I think that there should be a rule that if TCU and Boise State are going to be sent to otherwise irrelevant bowls, then they should simply cancel their plans and play each other on a neutral site, say Denver. As it was, TCU nearly lost to Louisiana Tech but came back to win the Poinsettia Bowl, 31-23. Boise State easily beat Arizona State 56-24. The Sun Devils looked bored to be in Las Vegas (or perhaps being forced to play a football game in Las Vegas when they had better things to do?).
Oklahoma crushed Iowa 31-14 in the Insight Bowl. You would think a sentimental old softie like Bob Stoops would take it easy on his alma mater, wouldn’t you?

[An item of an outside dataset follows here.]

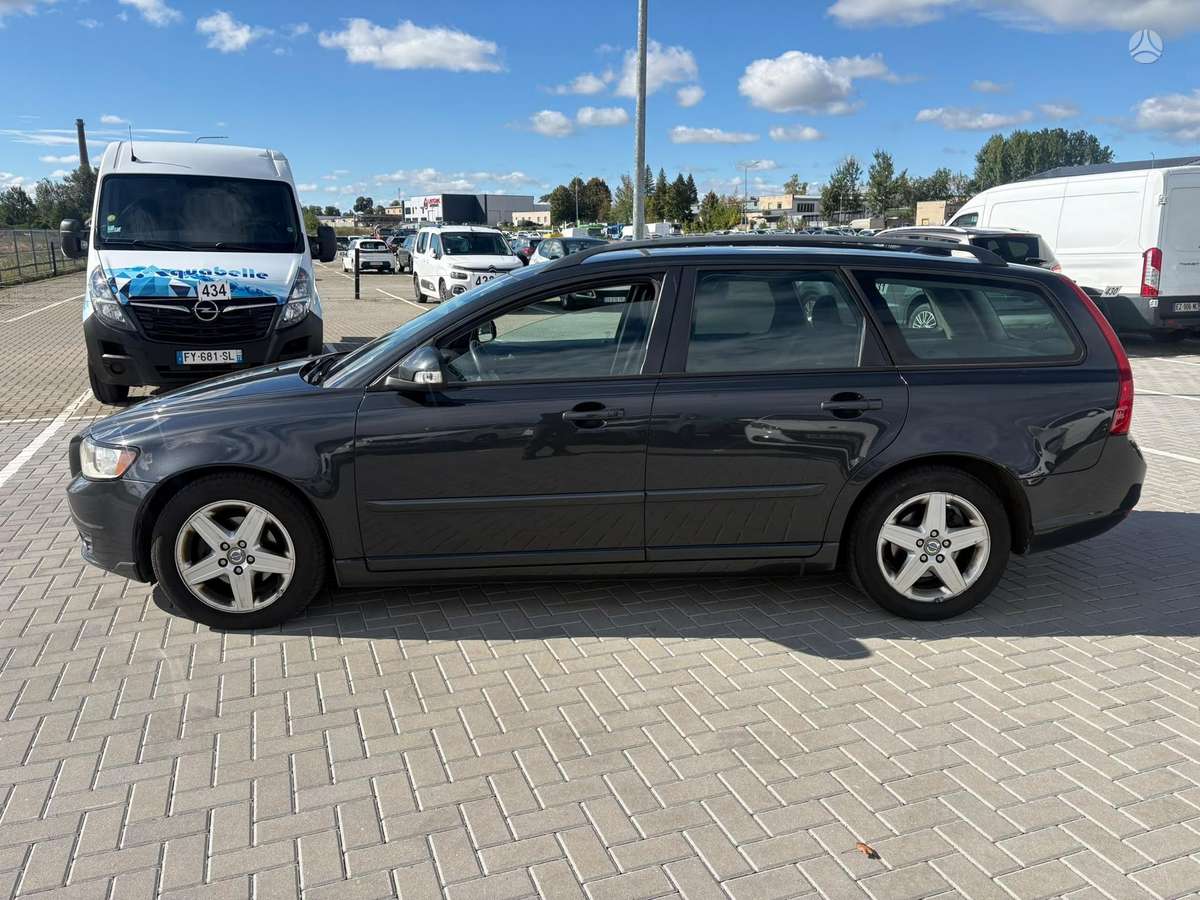 Volvo V50 2009 — engine 1560 cm³, 109 HP (80kW)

Texas A&M had a 30-7 lead over Northwestern. Had it been a halftime lead, A&M might have been in trouble. But the Ags held this margin going into the fourth, which did not give Northwestern adequate time for a heartbreaking comeback. Texas A&M 33, Northwestern 23.

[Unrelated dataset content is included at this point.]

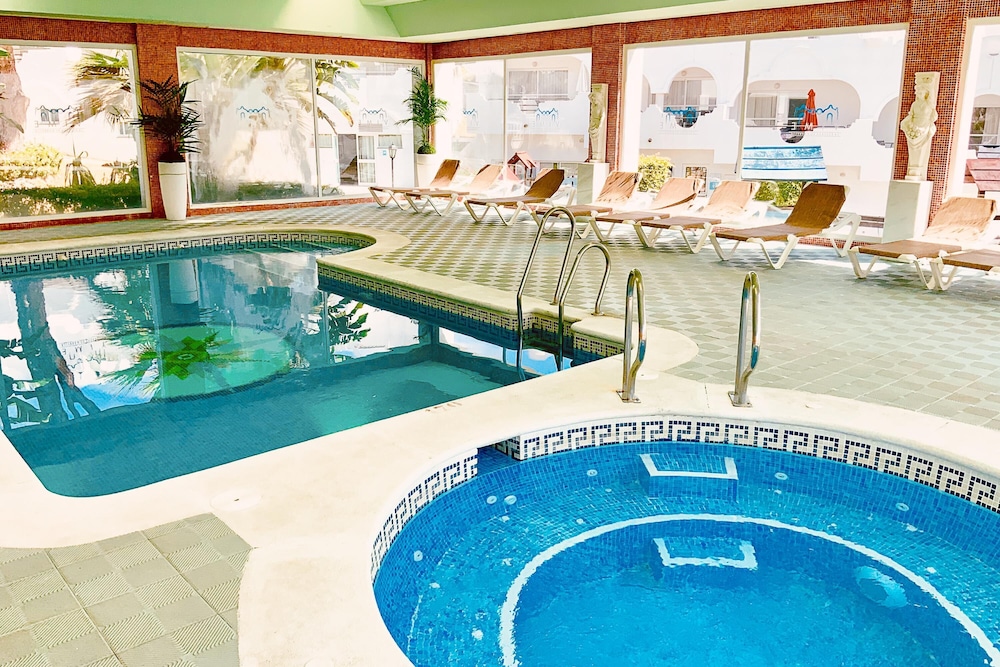 Marbella Resort 10 Pool Whirlpool Sauna — Marbella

In addition to renaming the Peach Bowl and denying an honest and decent Methodist a chicken sandwich on Sunday, Chick-fil-A has also ensured that no American child under the age of about eight will ever spell c-h-i-c-k-e-n correctly. Auburn 43, Virginia 24.
If I could use but one ESPN headline to illustrate the vital importance of the early bowl season, then it would be this one: "Ohio rallies past Utah State in Potato Bowl stunner."
I should not make fun of Ohio; they won 10 games. UCLA, on the other hand, finished 6-8 after losing to Illinois (2-6 in the Big Ten this year), 20-14 in a game played between two teams that had already fired their head coaches in a third-full baseball stadium on the afternoon of New Year’s Eve. Leaving Las Vegas was less depressing. Oh, and this was the Fight Hunger Bowl, just to add to the lightheartedness. They flipped an Oreo cookie at the opening toss; I assume it was then provided to a local food bank. Or made part of Ron Zook’s severance package. Who really knows?
Finally, if I ever need to come up with a fake British name on the fly, I am going to go with Reginald Moistbritches.
One more time around the block:
1. Alabama: It was a thorough beat down. No argument here.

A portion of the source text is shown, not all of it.